Welcome to TrinityLake

Introduction

TrinityLake is an Open Lakehouse Format for Big Data Analytics, ML & AI. It allows anyone to build a fully functional lakehouse with storage (e.g. S3, HDFS) as the only dependency.

The TrinityLake format defines different objects in a lakehouse and provides a consistent and efficient way for accessing and manipulating the interactions among these objects. It offers the following key features:

Storage Only

TrinityLake mainly leverages one storage primitive - mutual exclusion of file creation. This means you can run TrinityLake on almost any storage solution including Linux file system, open source storage solutions like Apache Hadoop Distributed File System (HDFS) or Apache Ozone, and cloud storage providers like Amazon S3, Google Cloud Storage, Azure Data Lake Storage. You can build a truly open lakehouse with TrinityLake without the need to pick a data catalog / data lake / data lakehouse / data warehouse vendor and worry about potential vendor lock-in risks.

Multi-Object Multi-Statement Transactions

TrinityLake enables multi-object multi-statement transactions across different tables, indexes, views, materialized views, etc. within a lakehouse. Users could start to leverage standard SQL BEGIN and COMMIT semantics and expect ACID enforcement at SNAPSHOT or SERIALIZABLE isolation level across the entire lakehouse.

Consistent Time Travel, Rollback and Snapshot Export

TrinityLake provides a single timeline for all the transactions that have taken place within a Lakehouse. Users can perform time travel to get a consistent view of all the objects in the lakehouse, rollback the lakehouse to a consistent previous state, or choose to export a snapshot of the entire lakehouse at any given point of time.
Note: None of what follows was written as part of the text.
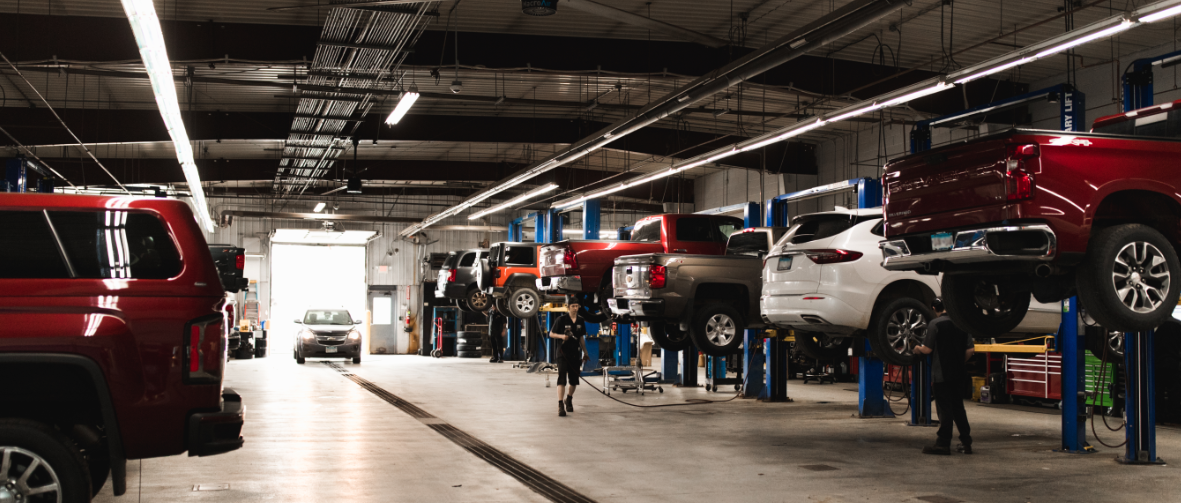 Customer Choice! $10 Off Alignment Service OR Select Fluid Maintenance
Distributed Transaction for Advanced Write-Audit-Publish

A TrinityLake transaction can be executed not just by a single process, but can be distributed around multiple processes. This could be used for highly complicated write-audit-publish workflows, where a writer process can first perform any number of operations against any number of objects in a transactions, and pass the full transaction to an auditor process to review, modify and eventually commit.

Compatibility

Open Table Formats

TrinityLake can work with popular open table formats such as Apache Iceberg. Users can create and use these tables with both the traditional SQL MANAGED or EXTERNAL experience, as well as through federation when the table resides in other systems that can be connected to for read and write. See Table for more details.

Open Catalog Standards

TrinityLake can be used as an implementation of open catalog standards like the Apache Iceberg REST Catalog (IRC) standard. The project provides catalog servers like an IRC server that users can run as a proxy to access TrinityLake and leverage all open source and vendor products that support IRC. This provides a highly scalable yet extremely lightweight IRC implementation where the IRC server is mainly just a proxy, and the main execution logic is pushed down to the storage layer and handled by this open lakehouse format. See Catalog Integration for more details.

Open Engines

Through open table formats and open catalog standards, you can use TrinityLake with any open engine that supports them, for example with the Spark Iceberg connector. In addition, TrinityLake is developing native connectors to various open engines such as Apache Spark. These native connectors will provide the full TrinityLake experience to users.